A dúvida que fica é sobre quais impactos e mudanças serão causados pela pandemia e qual será o cenário pós-Covid-19. Especialistas do setor farmacêutico discutiram o assunto em uma webinar organizada pela XP Investimentos ontem (07/05), com a participação de representantes da IQVIA, da Federação Brasileira das Redes Associativistas e Independentes de Farmácias (Febrafar), da Associação Brasileira das Redes de Farmácias e Drogarias (Abrafarma), e do Grupo Raia Drogasil.
O vice-presidente sênior da IQVIA, Sydney Clark, acredita que a primeira mudança observada é a do comportamento da população na relação médico paciente. “O contato entre os dois tem caído bastante e a telemedicina tem papel importante nisso, digitalizando a relação”.
Clark aponta que em março pudemos ver uma movimentação grande da população para estocar itens, desde produtos de consumo que vendem na farmácia, até medicamentos isentos de prescrição (MIPs) e medicamentos de prescrição, sem terem necessária relação com a Covid-19. Porém, em abril já vimos uma queda na demanda após esse período de estocagem.
Papel do varejo farmacêutico na saúde
“A farmácia tem um papel crescente nisso tudo e em como isso pode ou não mudar levando em conta a questão de um ambiente mais digitalizado no futuro. Sabemos que o papel da farmácia já vem se expandindo há alguns anos, com o farmacêutico passando a prescrever medicamentos e realizando atividades de assistência farmacêutica. Assim, mostrando que o ponto de venda (PDV) tem um papel cada vez mais forte com a sociedade como um todo, gerando a dúvida sobre como será o papel do digital com o meio físico da farmácia e com a população como um todo”, analisa Clark.
Para o diretor de planejamento corporativo da Raia Drogasil, Eugenio De Zagottis, um dos pontos de destaque da pandemia é que a farmácia vem deixando de ser um local de dispensação de medicamentos e vem passando a ser um elo fundamental na cadeia de saúde. “A farmácia é o elo que tem mais capilaridade e mais contato com o paciente, dando espaço para trabalhar com a prevenção e a promoção da saúde. Além disso, a farmácia tem sim um papel na confirmação dos casos da Covid-19, desde que a gente garanta a qualidade dos testes que vamos aplicar, bem como um protocolo seguro”, conta De Zagottis.

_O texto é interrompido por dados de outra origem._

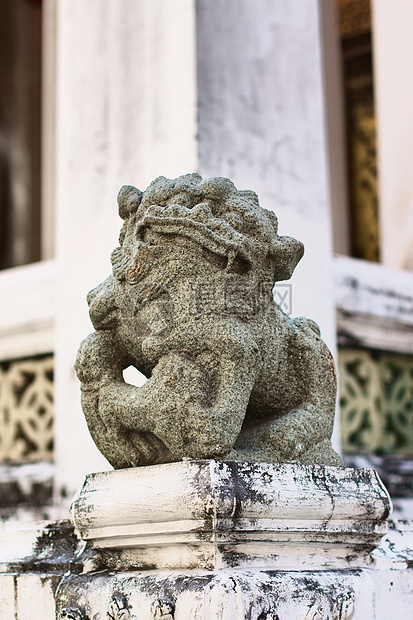 雕像青蛙植物精神连体建筑学传统神话雕塑旅行佛教徒图片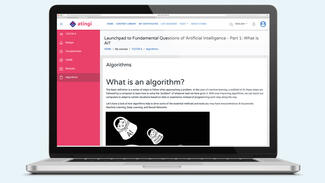 KI-Campus: Launchpad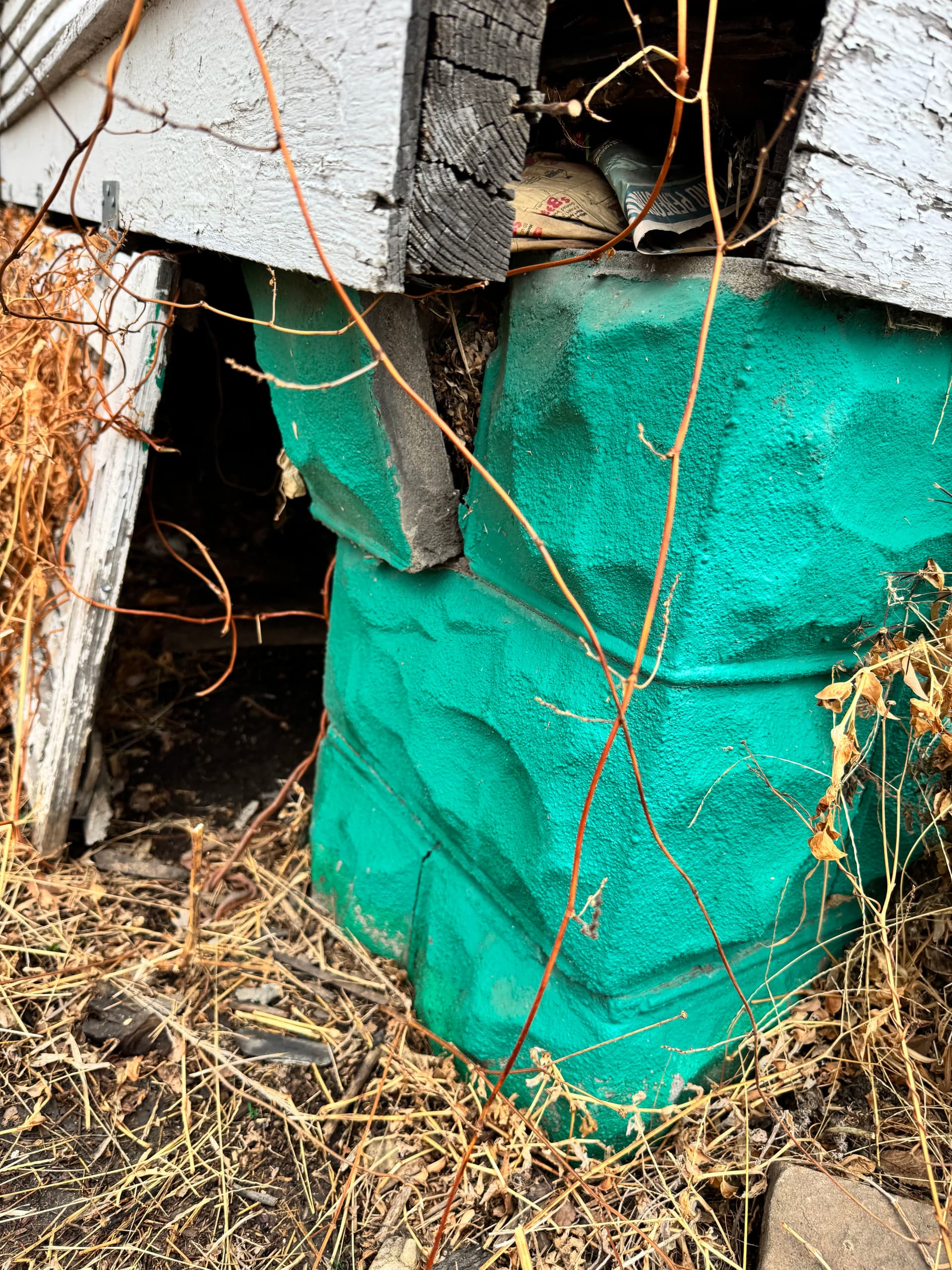 Gallery photos for Full Front Porch Rebuild From the Footings Up: Image #9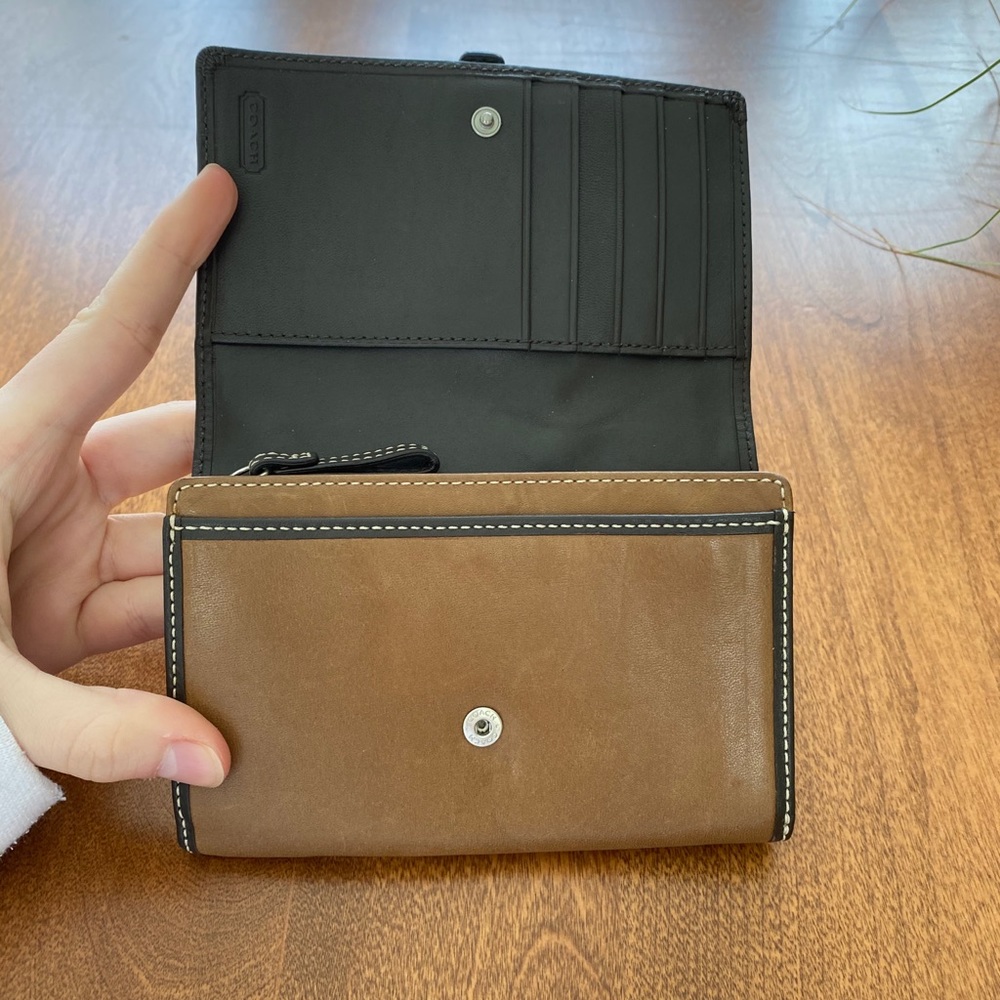 Coach wallet - Picture 4 of 6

Segundo ele, para a Raia Drogasil, que aumentou o uso de seus serviços no Aplicativo (App), o digital é mais do que um canal on-line que visa o aumento das vendas. “Nossa visão é de usar o mobile para o cliente na loja ter uma experiência muito melhor, agilizando e facilitando serviços. A farmácia é um veículo para transformar a saúde do brasileiro, bem como transformar a aderência ao tratamento, o acesso a prevenção de doenças e a promoção da saúde. E a grande monetização disso é a fidelização do cliente”, conta De Zagottis.
Legado pós- Covid-19
Já para o CEO da Abrafarma, Sergio Mena Barretto, a farmácia sairá diferente da pandemia, porque a população sairá diferente. “Um dos legados que eu acredito que a pandemia deixará para o Brasil é a questão da burocracia. Por exemplo, por que um paciente tem que comprar medicamentos para apenas 30 dias na farmácia popular e não para 90 dias? Ou por que para aplicar vacinas precisa de uma burocracia gigante? Por que as coisas têm que ser tão travadas e complicadas? Acho que o legado que fica é revermos esse Brasil velho, das barreiras desnecessárias. O governo tem que repensar seu papel diante das sociedades organizadas. Nós como setor precisamos impor ou solicitar certas discussões que as vezes a gente fica dependendo de um grande prazo do governo para decidir. Um exemplo é a RDC 44, que está encalacrada desde 2014”, pontuou o executivo.
Ele também ressalvou a adesão ao tratamento como um dos legados da pandemia da Covid-19. “Quando você está fazendo um tratamento você não pode abandoná-lo e precisamos tratar essa questão com seriedade. Isso precisa ser uma pauta constante no setor da saúde para, assim, fazer com que os 54% dos brasileiros que abandonam o tratamento não façam mais isso. Precisamos conscientizar sobre o desencadeamento de agravos que isso causa e que custam muito caro para o País. Assim, migramos para uma para uma saúde mais preventiva”, complementou Mena Baretto.